Stem cells and cloning : advances and applications2018; 11; 13-22; doi: 10.2147/SCCAA.S151763

Bone marrow mesenchymal stem cells as nuclear donors improve viability and health of cloned horses.

Abstract: Cell plasticity is crucial in cloning to allow an efficient nuclear reprogramming and healthy offspring. Hence, cells with high plasticity, such as multipotent mesenchymal stem cells (MSCs), may be a promising alternative for horse cloning. In this study, we evaluated the use of bone marrow-MSCs (BM-MSCs) as nuclear donors in horse cloning, and we compared the in vitro and in vivo embryo development with respect to fibroblasts. Methods: Zona-free nuclear transfer was performed using BM-MSCs (MSC group, n=3432) or adult fibroblasts (AF group, n=4527). Embryos produced by artificial insemination (AI) recovered by uterine flushing and transferred to recipient mares were used as controls (AI group). Results: Blastocyst development was higher in the MSC group than in the AF group (18.1% vs 10.9%, respectively; p<0.05).

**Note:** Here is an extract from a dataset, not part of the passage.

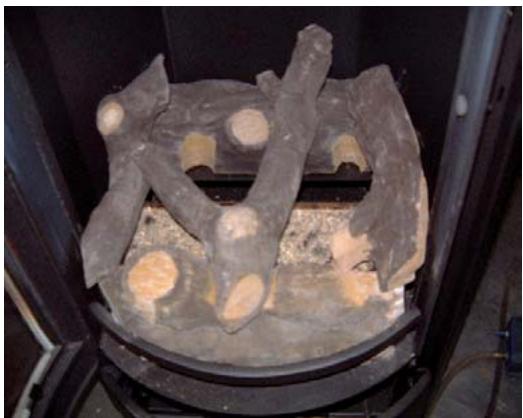 WANDERS LUNA PETITE - Plaatsen van de keramische houtset - 3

However, pregnancy rates and delivery rates were similar in both cloning groups, although they were lower than in the AI group (pregnancy rates: 17.7% [41/232] for MSC, 12.5% [37/297] for AF and 80.7% [71/88] for AI; delivery rates: 56.8% [21/37], 41.5% [17/41] and 90.1% [64/71], respectively). Remarkably, the gestation length of the AF group was significantly longer than the control (361.7±10.9 vs 333.9±8.7 days), in contrast to the MSC group (340.6±8.89 days). Of the total deliveries, 95.2% (20/21) of the MSC-foals were viable, compared to 52.9% (9/17) of the AF-foals (p<0.05). In addition, the AF-foals had more physiological abnormalities at birth than the MSC-foals; 90.5% (19/21) of the MSC-delivered foals were completely normal and healthy, compared to 35.3% (6/17) in the AF group. The abnormalities included flexural or angular limb deformities, umbilical cord enlargement, placental alterations and signs of syndrome of neonatal maladjustment, which were treated in most cases. Conclusions: In summary, we obtained 29 viable cloned foals and found that MSCs are suitable donor cells in horse cloning. Even more, these cells could be more efficiently reprogrammed compared to fibroblasts.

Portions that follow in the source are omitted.